5. Controlling the Cloud
Methodologies around 'DevOps' and 'Infrastructure as Code' do aid in managing this new complexity, but not operational efficiency. Implementing overarching Cloud policies and controlled landing zones do lead to better efficiency but can restrict the freedoms engineers have. The challenge for organisations is in finding the sweet spot on the sliding scale between controlling efficiency and restricting creativity and productivity.
Proof of concepts and other non-production components are often manually deployed and easily forgotten. The possibilities of situations where you have countless inefficient or redundant things running in dark corners of your Cloud have increased significantly. When these zombie workloads existed in the old world, ultimately the lifecycle of the servers they were running on would mean they would not be zombies for ever. The other reason zombies were not such a problem in the pre the Cloud era was because the infrastructure they were running on would generally already have been paid for.
6. The second phase of Cloud adoption is both an opportunity and a risk to be managed
Well, this all sounds very gloomy! So, should we retrench from the Cloud and return to the comfort of our own racks of servers and reinstate the role of the traditional infrastructure team gate guardians?

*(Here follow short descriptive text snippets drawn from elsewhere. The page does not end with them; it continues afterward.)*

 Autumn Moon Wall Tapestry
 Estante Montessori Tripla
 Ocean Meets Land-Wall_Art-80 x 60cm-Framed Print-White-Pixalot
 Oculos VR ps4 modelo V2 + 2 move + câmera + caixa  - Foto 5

The speed with which requests to IT from the business can now be met, increases opportunity and competitive advantage. But 'buyer beware', we need to recognise the cultural shift away from the capital expense procurement model with efficiency ensured by the specialist centralised teams. We now have an ongoing Cloud operational expense where the people most able to ensure technical efficiency are the frontline teams who engineered the functionality in the first place. To some degree these people need to be kept engaged to ensure long term efficiency regardless of the support model.

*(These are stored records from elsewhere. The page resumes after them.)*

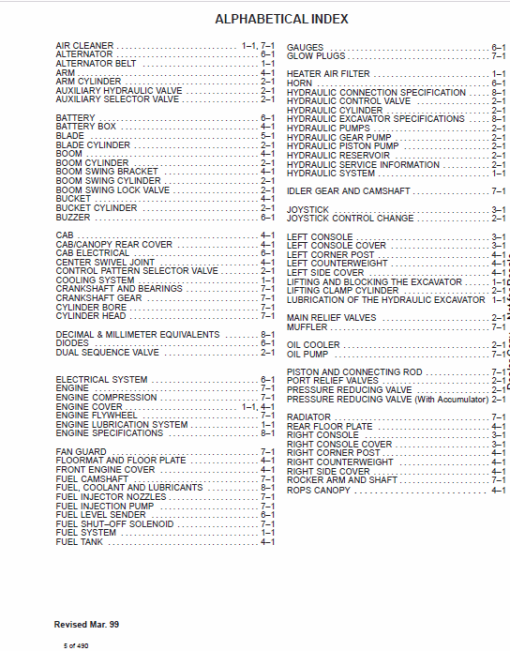 Bobcat X337 and X341 Excavator Service Manual - Image 6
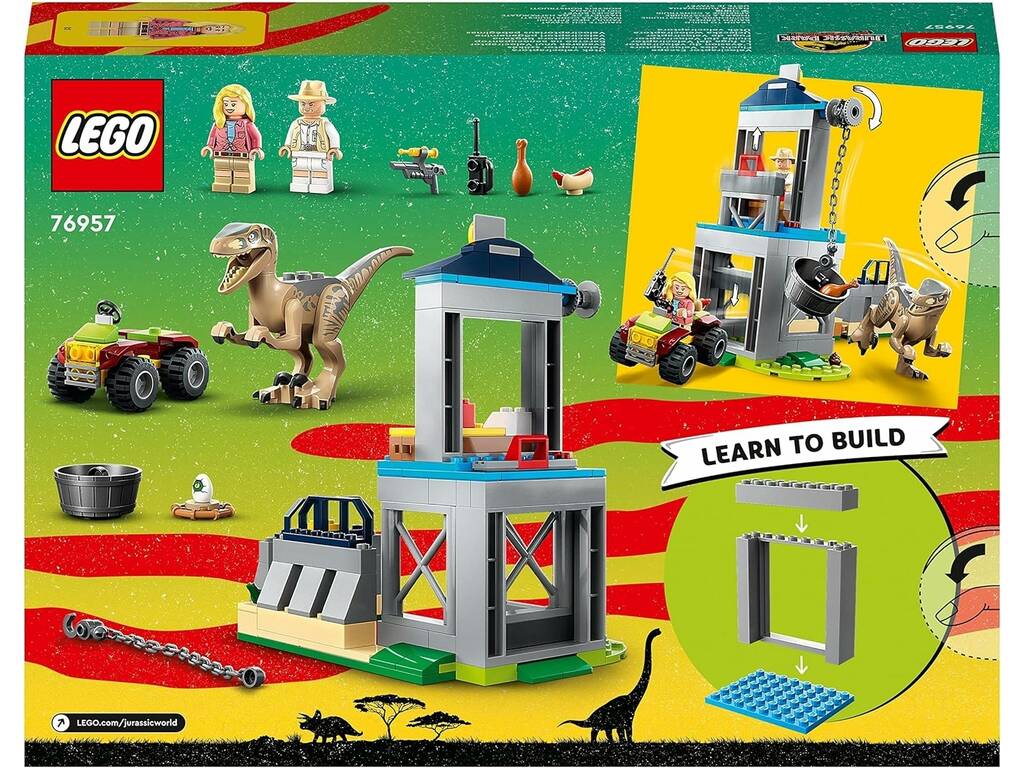 Lego Jurassic World Fuga del Velociraptor 76957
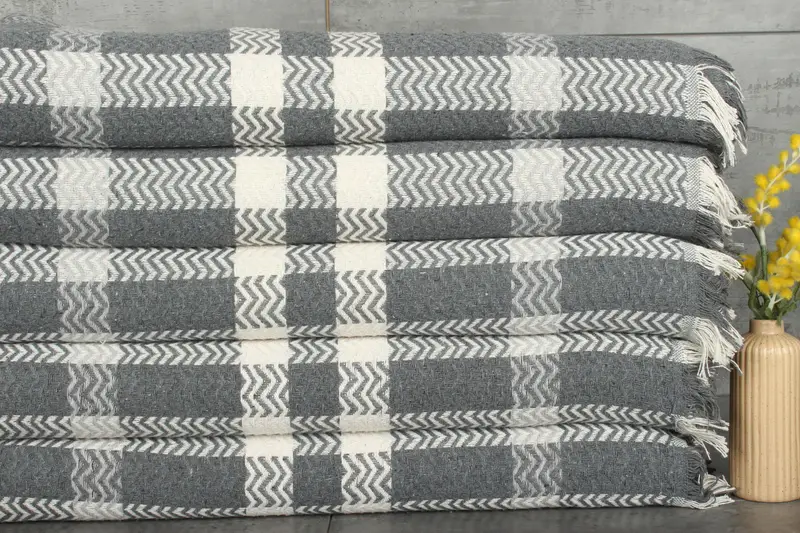 Wedding Favors, 92x80 Cotton Striped Towel, Bridesmaid Gifts, Beach Wedding Favor, Wedding Hand Made Gift, Quenn Bedspread, Throw Blanket Couch - 1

FinOps as a discipline already goes a long way to align the business, financial and technical stakeholders so value can be assessed on an ongoing basis. This does mean the engineering teams can be more easily challenged but they are still very much being relied on to mark their own efficiency homework and not necessarily given the time to do so. FinOps personnel are great at finding savings, including through commitment purchasing and these are often the biggest saving to be had. However, savings through resource efficiency and simple architectural choices can be of a similar magnitude and are often not realised to anything like their full extent - but no one knows that!

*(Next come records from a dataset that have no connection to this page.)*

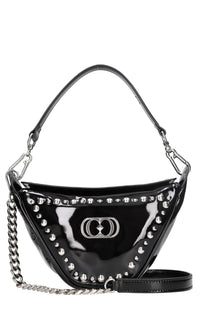 Borsa in vernice e borchie 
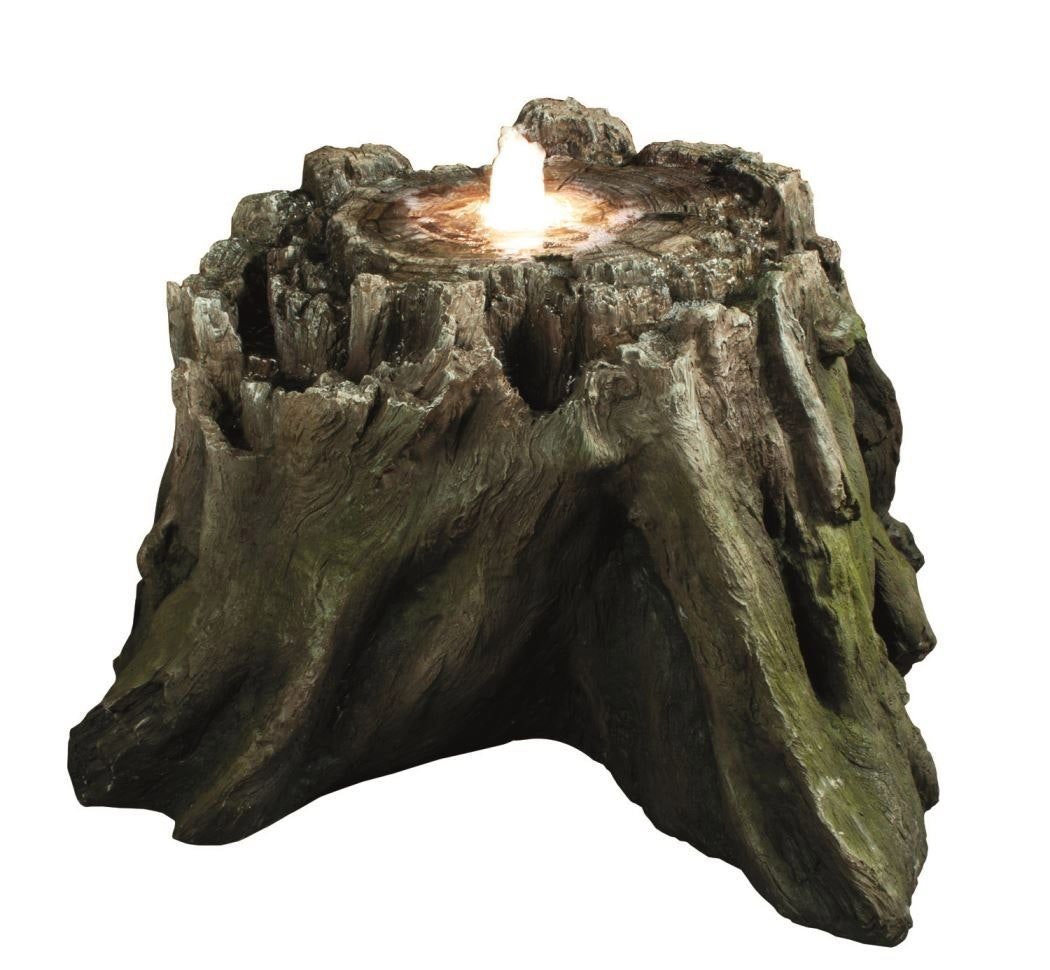 Tranquillity Water Features Tree Trunk Section Water Feature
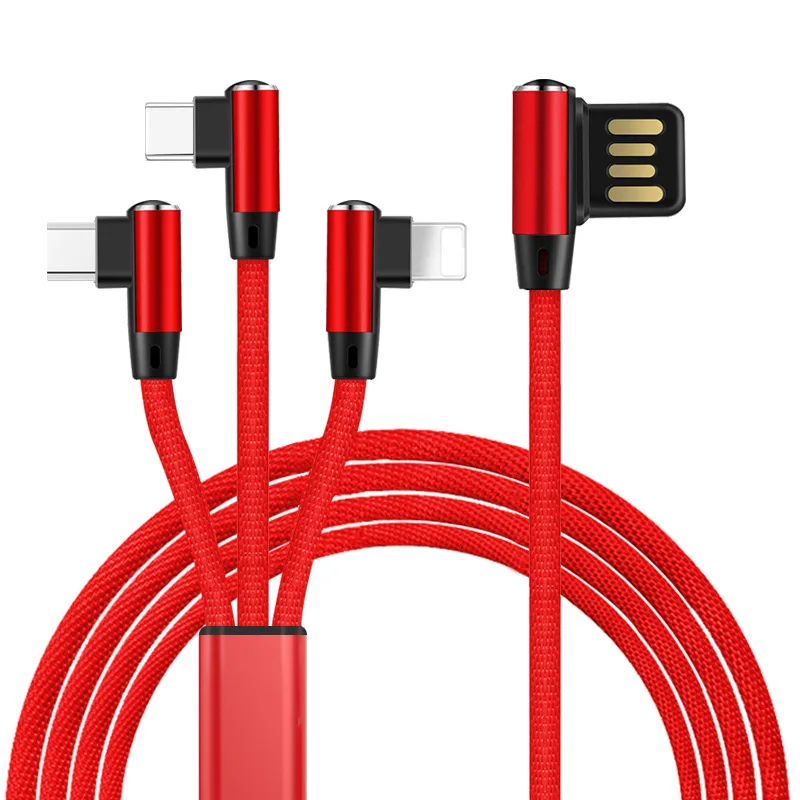 3 в 1 Локоть линии передачи данных 5 м USB быстрой зарядки телефона зарядный кабель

We need a model where resource savings are identified and realised on an ongoing basis accross all Cloud resources that attract cost. Remember a cost in the Cloud can be a cost forever! Some of the most popular FinOps software solutions are accountancy focused and therefore some larger FinOps teams have taken to employ technical personnel who just do technical analysis and engage with engineering. This can work well but is expensive! Other FinOps personnel are more finance focused. In this case better analysis and remediation focused tooling like our own Altocapa covering the wide range of Cloud resources can aid in the conversations and follow up with engineering teams.
So, the Cloud is not 'just the same servers but in someone else’s datacentre' and it requires a top to bottom cultural shift to make the most of it. FinOps as a discipline goes a long way to address this and covers many bases. The area that does need more focus is architectural and resource efficiency and how to engage to make sure it happens.